Five weeks into his tenure as general and artistic director of the Atlanta Opera, Tomer Zvulun finally was able to catch his breath for a moment.
Zvulun, who started his tenure June 1, sat down for an interview with the Neighbor Newspapers last week after a whirlwind season that saw him direct seven operas and concerts all over the nation and the world. He was lured from New York, where he spent the past six years as assistant director of the Metropolitan Opera.
“I’ve been here for a few weeks now and I’m having a good time,” he said. “I bought a car. In New York I didn’t need one. We [he and his wife Susanna] found a beautiful apartment in Ansley Park. I’m glad to be out in nature. I plan to buy a bicycle soon.”
Zvulun, 37, replaced Dennis Hanthorn, who resigned in July 2012. Three Atlanta Opera executives ran the company in the interim.
A native of Israel, Zvulun came to America 13 years ago as a visiting scholar at Boston University, which led him to assistant director positions in five other U.S. cities. He has high hopes for the Atlanta Opera, which has a budget of $5.2 million and plans to raise $2.45 million by the time its fiscal year ends June 30. It gets the rest of budget funds from ticket and merchandise sales.
“The Atlanta Opera is a second-tier opera company in a city that deserves a top-tier opera company,” Zvulun said. “Atlanta needs to get a company that is appropriate to its size. We are looking at extending our operation and increasing the number of our performances and our number of productions. In order to do that, we have started [the Overtures] fundraising campaign for an additional $1 million [to be raised during the fiscal year] above and beyond the annual fundraising goals that already exist. Those funding opportunities will allow us to expand our operations and increase our visibility in the community and our outreach.”

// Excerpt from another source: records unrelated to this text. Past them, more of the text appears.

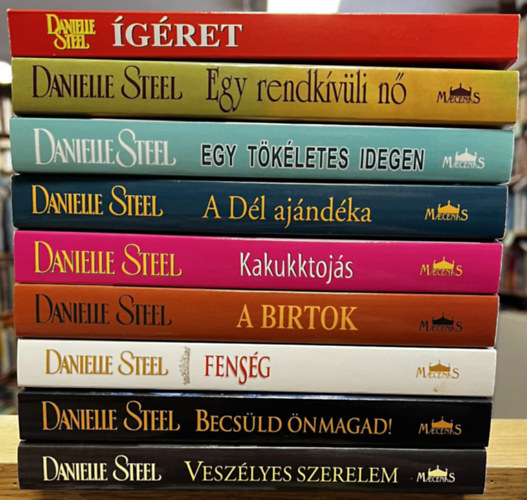 Danielle Steel - 9 db Danielle Steel kötet: Ígéret, Egy rendkívüli nő, Egy tökéletes idegen, A Dél ajándéka, Kakukktojás, A birtok, Fenség, Becsüld önmagad!, Veszélyes szerelem
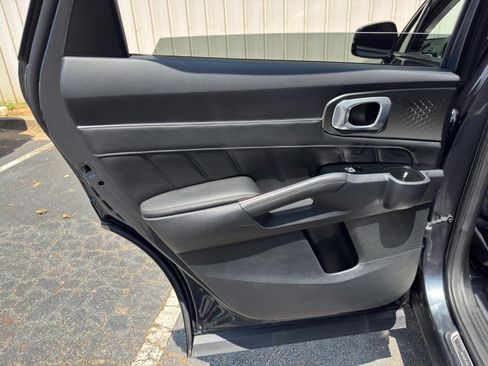 Used 2022 Kia Sorento SX FWD image 41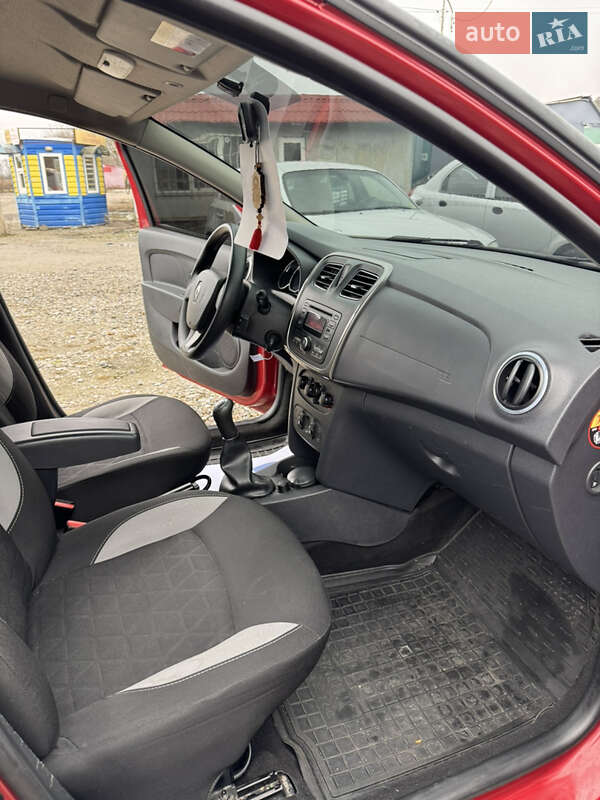 Хетчбек Renault Sandero 2014 в Білій Церкві фото 13 Хетчбек Renault Sandero 2014 в Білій Церкві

In hiring Zvulun, the Atlanta Opera’s search committee was familiar with him because he had directed three of its operas between 2009 and 2011 and was already committed to directing “Tosca” in October. But he still had to go through a rigorous process in which more than 40 applicants were narrowed down to 12 semifinalists for phone interviews and three finalists for in-person interviews.
“Tomer was by far the most dynamic, forward-looking and artistically capable candidate we interviewed,” said Bill Tucker, the Atlanta Opera’s board chairman, who was involved in the search process. “It was a combination of background and global reach. He did well not only on paper but also in dealing with large groups and small groups within the board and even with the opera staff. I couldn’t be more thrilled with having him on board.”

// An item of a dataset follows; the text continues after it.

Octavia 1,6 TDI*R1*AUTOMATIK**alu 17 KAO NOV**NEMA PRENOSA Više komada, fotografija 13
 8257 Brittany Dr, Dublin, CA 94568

In Atlanta, Zvulun wants to bring opera to the masses.
“Opera is the most exciting art form that I know,” he said. “At its best, a performance is a miracle. You have 50 people in the pit in the orchestra. You have 60 people in the chorus, the greatest singers in the world. A design team that includes a set designer, lighting designer and costume designer. Opera is a multi-media affair that is highly theatrical and at its best, even cinematic.

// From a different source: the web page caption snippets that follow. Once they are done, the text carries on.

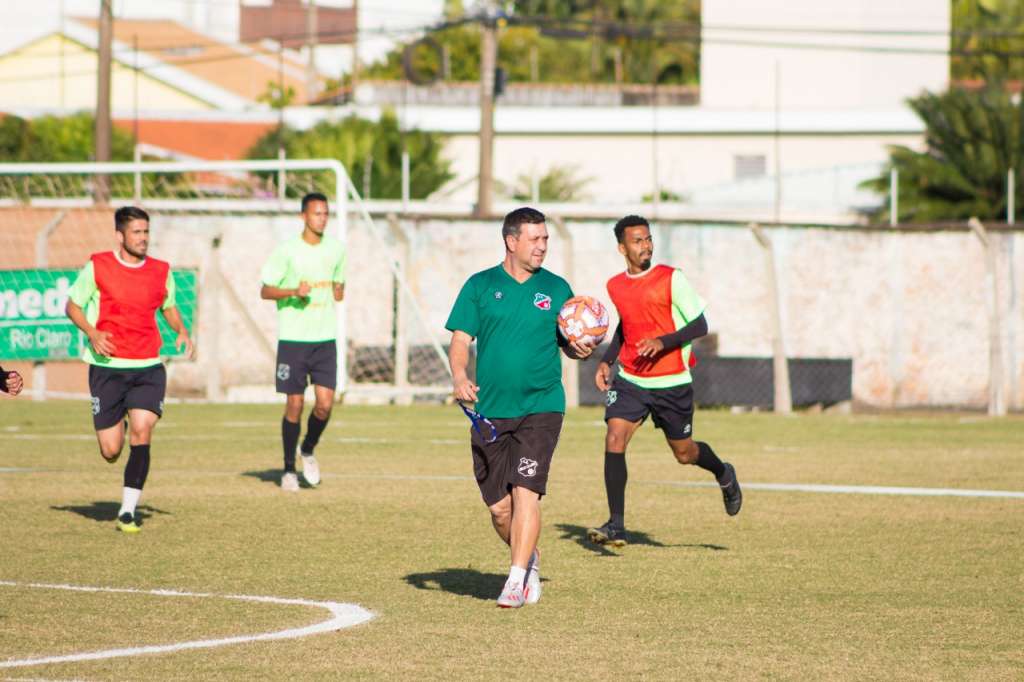 Velo Clube encerra preparação antes de duelo decisivo (Foto: Daniel Lins/A Folha Esportiva)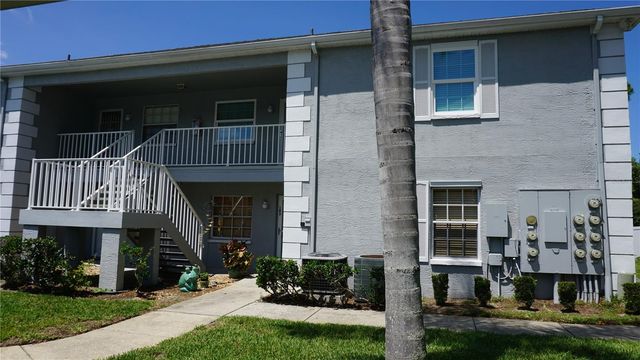 7713 HILLSIDE COURT 203, Hudson, FL 34667
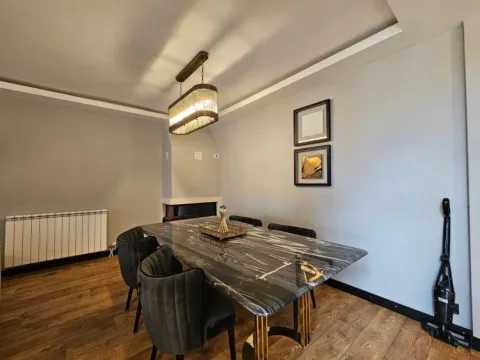 Izdavanje, kuća, 380m², Zeta, Podgorica - image 7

“Opera is at its core a musical affair but we aspire to make it a theatrical event that would reach as many people as we can. The challenge is to change the idea that opera is an elitist art form, that only a few people are a part of opera. Opera should touch everybody and that idea, that concept of an old-fashioned art form that is all about singing deserves to be changed.”
Zvulun said part of his plan to expand the opera is a series of four smaller performances in partnership with venues such as the High Museum of Art, the Bremen Jewish Heritage Museum and the Atlanta Botanical Garden, all in Midtown.
He has directed operas all over the nation and the world, including Buenos Aries, Argentina and Tel Aviv, Israel. But the audience in Atlanta, where Zvulun directed three operas from 2009 to 2011 before taking the job, resonated with him.
“One of the major things with my job is connecting with the audience,” he said. “And when you’re stage directing, you stay in a city for a month [for one opera production] and get a good reaction that opening night. You may not return to that city’s opera.”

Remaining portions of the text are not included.